La suite… La suite est en cours d’écriture mais nul doute que l’avenir de Justine et de Dream’in Noise sera riche de rencontres. Il est vrai qu’à l’heure du Covid, tout est plus complexe. Se projeter n’est plus une évidence mais quand les concerts reprendront, il faudra des actrices et des acteurs comme Justine Evrard pour faire battre à nouveau le cœur de la musique à Rennes… ou ailleurs. Et qui sait, c’est peut-être dans un tout autre rôle que l’organisatrice renouera avec la scène ? À la basse et au chant, avec des musiciens qui partageraient les mêmes aspirations. Sait-on jamais… Comme quoi, rien n’est jamais figé.

Caroline Vannier

Interview concerts dans le rétro

1 – Ton premier coup de cœur musical ?
J’écoute majoritairement du metal et affiliés aujourd’hui, surtout du post rock/post metal et les dérivés planants du black metal. Je ne me rappelle plus exactement via quel groupe, mais je crois que c’est via la brit pop et le pop rock anglais que j’ai commencé à être dingue de musique. Et quand j’ai découvert des trucs genre Le Velvet Underground, Depeche Mode, Leonard Cohen, et dans une autre dimension Blur, Ghinzu, Arcade Fire… Bah voilà, quoi, c’était fini ! Des groupes que j’écoute encore trèèèès régulièrement aujourd’hui ! C’est un peu ma porte d’entrée dans cet univers… Ce sont des groupes de neo metal et de prog, genre Porcupine Tree et Pain of Salvation, qui m’ont amenée vers des trucs plus vener et lourds.

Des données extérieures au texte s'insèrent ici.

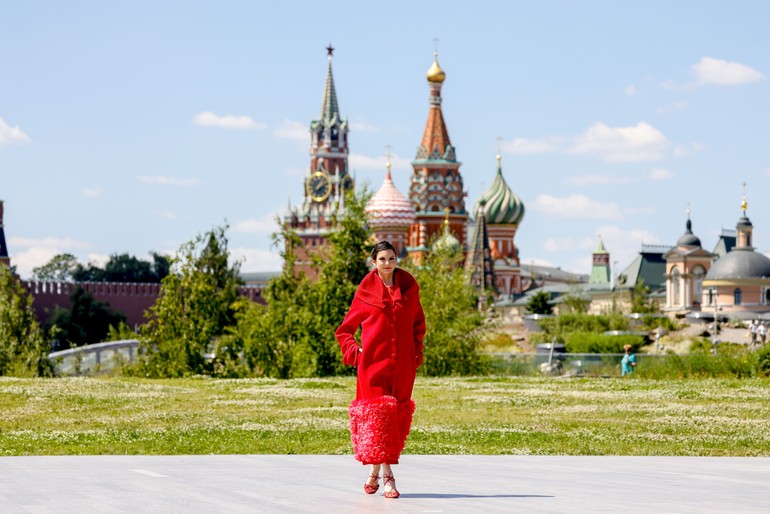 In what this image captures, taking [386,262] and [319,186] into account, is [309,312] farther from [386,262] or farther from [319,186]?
[319,186]

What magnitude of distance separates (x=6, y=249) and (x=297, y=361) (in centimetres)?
7806

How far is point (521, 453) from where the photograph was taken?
11.9m

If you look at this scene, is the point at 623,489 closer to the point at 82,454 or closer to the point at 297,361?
the point at 82,454

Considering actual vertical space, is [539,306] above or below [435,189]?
below

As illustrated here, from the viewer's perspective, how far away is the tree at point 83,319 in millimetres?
82688

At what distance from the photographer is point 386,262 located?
8734 millimetres

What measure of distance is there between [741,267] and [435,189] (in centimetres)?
5387

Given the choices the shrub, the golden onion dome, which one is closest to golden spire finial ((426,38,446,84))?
the golden onion dome

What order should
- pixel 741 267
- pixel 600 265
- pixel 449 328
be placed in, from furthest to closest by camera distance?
1. pixel 600 265
2. pixel 741 267
3. pixel 449 328

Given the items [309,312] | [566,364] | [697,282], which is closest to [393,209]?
[697,282]

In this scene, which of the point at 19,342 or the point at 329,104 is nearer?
the point at 19,342

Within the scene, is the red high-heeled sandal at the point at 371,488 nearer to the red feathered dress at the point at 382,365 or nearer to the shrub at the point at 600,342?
the red feathered dress at the point at 382,365

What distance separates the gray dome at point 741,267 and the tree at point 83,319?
120ft

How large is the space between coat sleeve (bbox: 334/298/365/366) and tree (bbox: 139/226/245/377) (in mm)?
24283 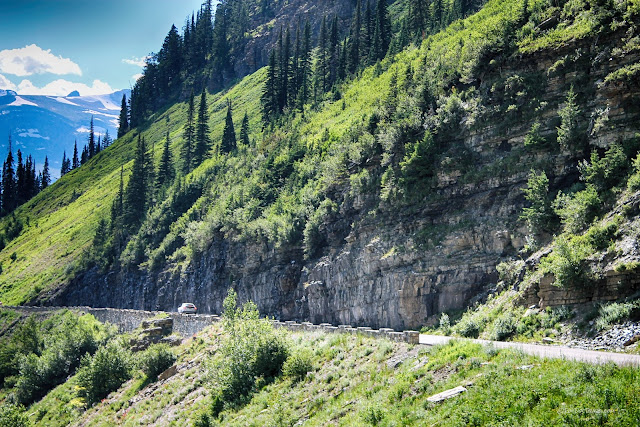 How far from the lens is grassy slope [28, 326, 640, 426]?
48.0 ft

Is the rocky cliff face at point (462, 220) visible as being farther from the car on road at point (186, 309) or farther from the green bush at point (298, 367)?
the car on road at point (186, 309)

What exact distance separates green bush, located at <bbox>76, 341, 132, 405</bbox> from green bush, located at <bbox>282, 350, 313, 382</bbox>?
73.7 feet

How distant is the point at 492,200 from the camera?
35719 mm

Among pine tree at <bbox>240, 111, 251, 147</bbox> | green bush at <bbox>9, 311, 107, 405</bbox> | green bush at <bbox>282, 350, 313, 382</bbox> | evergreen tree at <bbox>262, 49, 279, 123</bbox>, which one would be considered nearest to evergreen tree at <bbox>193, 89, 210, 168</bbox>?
pine tree at <bbox>240, 111, 251, 147</bbox>

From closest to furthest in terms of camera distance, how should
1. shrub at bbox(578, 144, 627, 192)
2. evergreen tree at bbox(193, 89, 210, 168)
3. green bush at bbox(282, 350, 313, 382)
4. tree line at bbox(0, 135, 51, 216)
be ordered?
green bush at bbox(282, 350, 313, 382) < shrub at bbox(578, 144, 627, 192) < evergreen tree at bbox(193, 89, 210, 168) < tree line at bbox(0, 135, 51, 216)

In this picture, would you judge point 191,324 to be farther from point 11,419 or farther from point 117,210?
point 117,210

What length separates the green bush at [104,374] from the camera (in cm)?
4434

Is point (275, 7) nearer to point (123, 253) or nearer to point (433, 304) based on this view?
point (123, 253)

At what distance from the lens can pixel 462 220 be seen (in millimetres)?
36469

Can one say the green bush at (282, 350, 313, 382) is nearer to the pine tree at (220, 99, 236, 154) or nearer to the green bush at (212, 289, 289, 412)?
the green bush at (212, 289, 289, 412)

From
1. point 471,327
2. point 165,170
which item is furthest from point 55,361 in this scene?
point 165,170

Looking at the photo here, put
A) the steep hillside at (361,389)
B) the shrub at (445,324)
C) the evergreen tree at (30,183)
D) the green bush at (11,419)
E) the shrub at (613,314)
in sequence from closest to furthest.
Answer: the steep hillside at (361,389), the shrub at (613,314), the shrub at (445,324), the green bush at (11,419), the evergreen tree at (30,183)

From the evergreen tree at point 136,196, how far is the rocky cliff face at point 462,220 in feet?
176

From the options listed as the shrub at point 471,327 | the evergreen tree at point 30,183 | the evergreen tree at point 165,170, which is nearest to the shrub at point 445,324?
the shrub at point 471,327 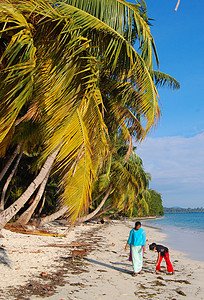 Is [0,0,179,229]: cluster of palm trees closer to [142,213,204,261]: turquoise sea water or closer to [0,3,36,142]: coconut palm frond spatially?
[0,3,36,142]: coconut palm frond

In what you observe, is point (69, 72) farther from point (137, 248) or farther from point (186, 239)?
point (186, 239)

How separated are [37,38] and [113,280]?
5.48 metres

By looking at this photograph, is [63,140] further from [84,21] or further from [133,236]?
[133,236]

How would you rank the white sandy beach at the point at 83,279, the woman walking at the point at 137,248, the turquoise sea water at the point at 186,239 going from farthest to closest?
1. the turquoise sea water at the point at 186,239
2. the woman walking at the point at 137,248
3. the white sandy beach at the point at 83,279

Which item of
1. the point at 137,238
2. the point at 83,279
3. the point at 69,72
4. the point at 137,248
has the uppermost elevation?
the point at 69,72

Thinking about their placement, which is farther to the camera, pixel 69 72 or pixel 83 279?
pixel 83 279

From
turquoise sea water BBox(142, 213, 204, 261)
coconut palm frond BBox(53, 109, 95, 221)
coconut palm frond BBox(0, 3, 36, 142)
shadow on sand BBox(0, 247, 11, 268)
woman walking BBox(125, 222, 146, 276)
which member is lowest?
turquoise sea water BBox(142, 213, 204, 261)

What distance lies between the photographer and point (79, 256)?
8734mm

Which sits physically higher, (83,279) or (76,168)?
(76,168)

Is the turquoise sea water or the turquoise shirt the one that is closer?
the turquoise shirt

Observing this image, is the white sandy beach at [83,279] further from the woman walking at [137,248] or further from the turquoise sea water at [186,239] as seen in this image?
the turquoise sea water at [186,239]

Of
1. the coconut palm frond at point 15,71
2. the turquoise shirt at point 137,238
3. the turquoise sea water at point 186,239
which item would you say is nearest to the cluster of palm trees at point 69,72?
the coconut palm frond at point 15,71

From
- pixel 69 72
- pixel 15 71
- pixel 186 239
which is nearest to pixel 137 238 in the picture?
pixel 69 72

2 – Un concert inoubliable ?
Hou… Inoubliable… Il y en a eu tellement qui m’ont marquée… Le premier qui me vient en tête, cependant, est un concert de Swans, que j’avais vu au 106, à Rouen… À un moment je me sors de ma torpeur et jette un œil autour de moi. Le public était hypnotisé, bougeait d’avant en arrière en rythme, comme s’il était devenu une seule entité… C’était la messe, on était tous en transe. Je n’avais jamais rien vécu de comparable auparavant !
Celui de Lingua Ignota, au Ferrailleur à Nantes, en 2019. Dans la voix de cette nana… holala il y a un truc magique, sacré, qui prend aux tripes et parle à tout le monde… Plus particulièrement à la partie la plus fragile de ton âme… Je crois que c’est le seul concert de ma vie où j’ai versé une larme. Ah oui et pile pendant ce concert, on m’apprend que Notre Dame est en train de cramer… ça a rajouté un petit côté black metal à la soirée. Quand j’avais vu Saint Sadrill aussi… Je ne m’attendais pas à quelque chose d’aussi beau… Que ce soit la voix d’Antoine qui est d’une beauté, l’interaction des musiciens entre eux, ou la manière dont ils faisaient plonger le public dans leur univers… Un vrai bonheur ! Refused aussi, au dernier Hellfest, c’était génial ! La fatigue cumulée de quatre jours de festoch s’est envolée comme par magie quand ils jouaient !
Et bien sûr, Birds in Row ! Je me sens toujours privilégiée quand j’assiste à un de leur concert. Ces gars là sont tellement sincères, il y a vraiment un truc qui se passe entre eux et le public, un truc intense et vrai. Et la dernière fois que je les ai vus, c’était à Londres et mon dernier concert avant le confinement, du coup dur d’oublier ça!

3 – Côté organisation, quelle est ta plus grande fierté ?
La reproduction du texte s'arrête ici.